## Given records
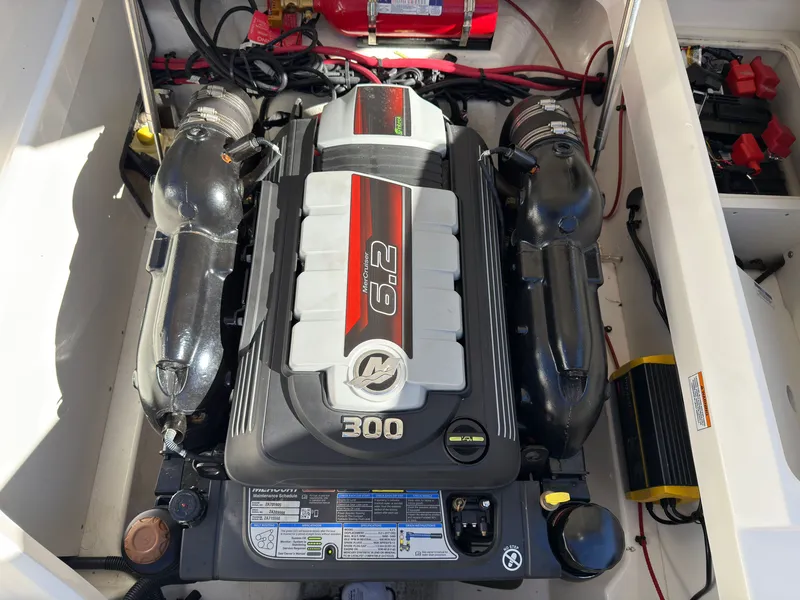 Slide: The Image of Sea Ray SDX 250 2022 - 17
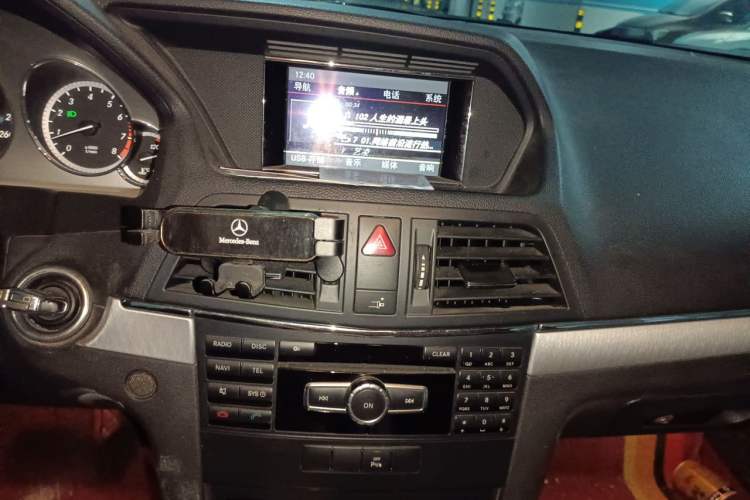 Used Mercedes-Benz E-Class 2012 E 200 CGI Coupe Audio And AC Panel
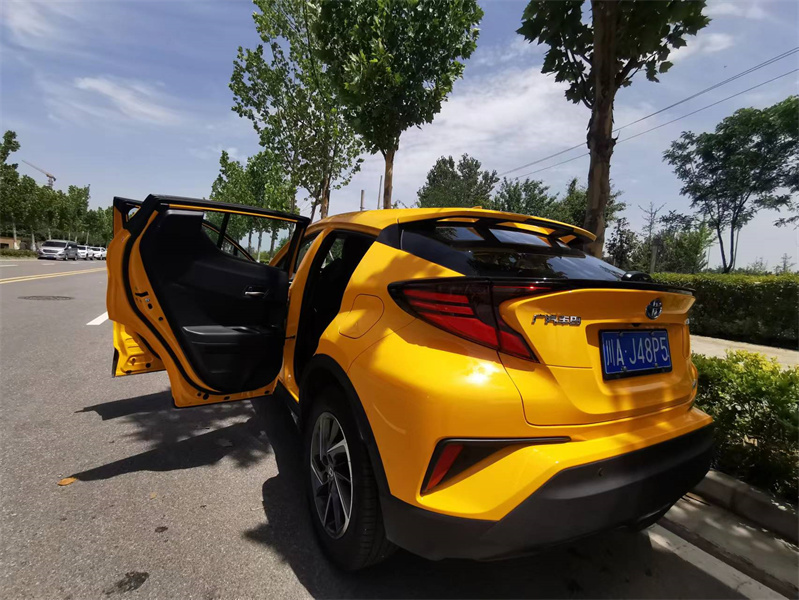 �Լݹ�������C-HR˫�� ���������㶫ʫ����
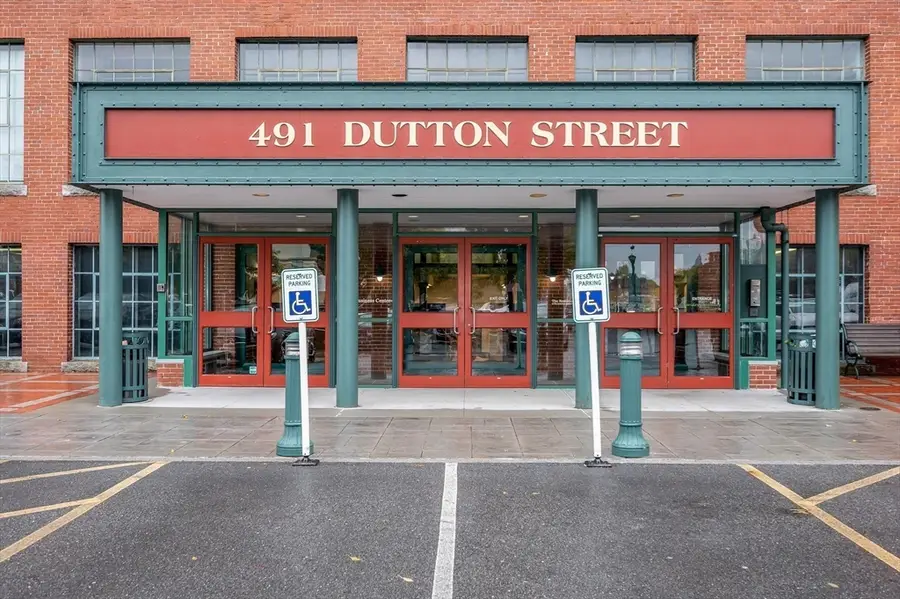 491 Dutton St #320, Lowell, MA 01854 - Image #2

==

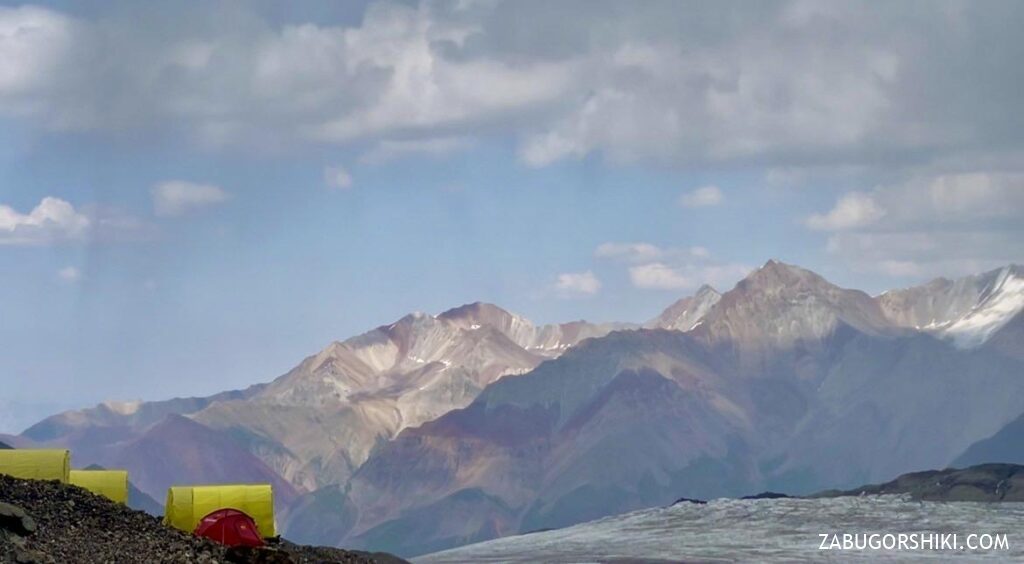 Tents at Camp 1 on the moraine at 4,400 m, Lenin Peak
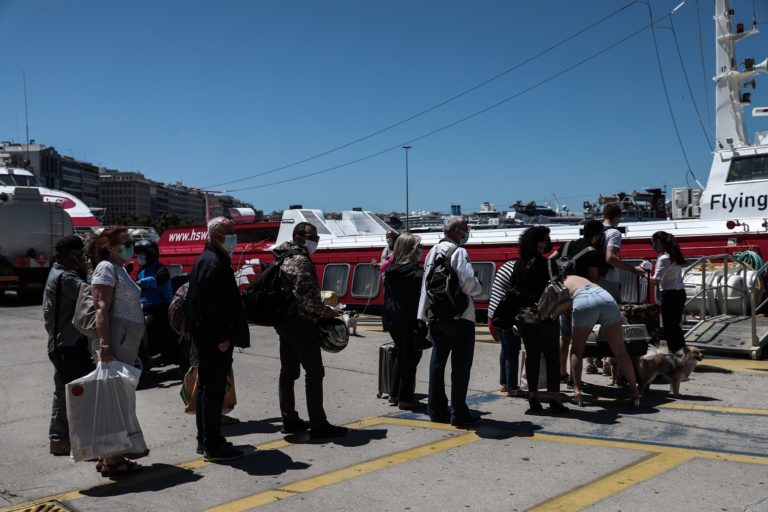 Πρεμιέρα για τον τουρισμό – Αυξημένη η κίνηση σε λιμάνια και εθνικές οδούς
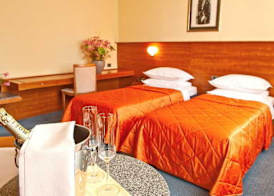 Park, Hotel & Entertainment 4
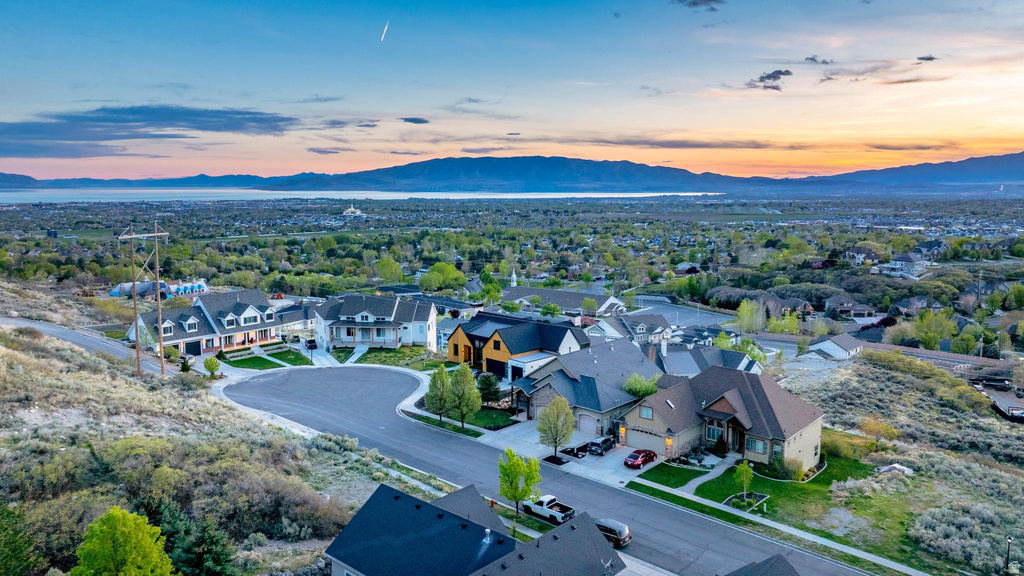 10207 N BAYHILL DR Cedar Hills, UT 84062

--

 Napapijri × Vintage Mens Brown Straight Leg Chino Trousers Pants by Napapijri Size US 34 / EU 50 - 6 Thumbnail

## Work task
Using the listing above, restate exactly the range between the lines holding "Used Mercedes-Benz E-Class" and "491 Dutton St", inclusive, with pictures left out.

## Solution to this task
 Used Mercedes-Benz E-Class 2012 E 200 CGI Coupe Audio And AC Panel
 �Լݹ�������C-HR˫�� ���������㶫ʫ����
 491 Dutton St #320, Lowell, MA 01854 - Image #2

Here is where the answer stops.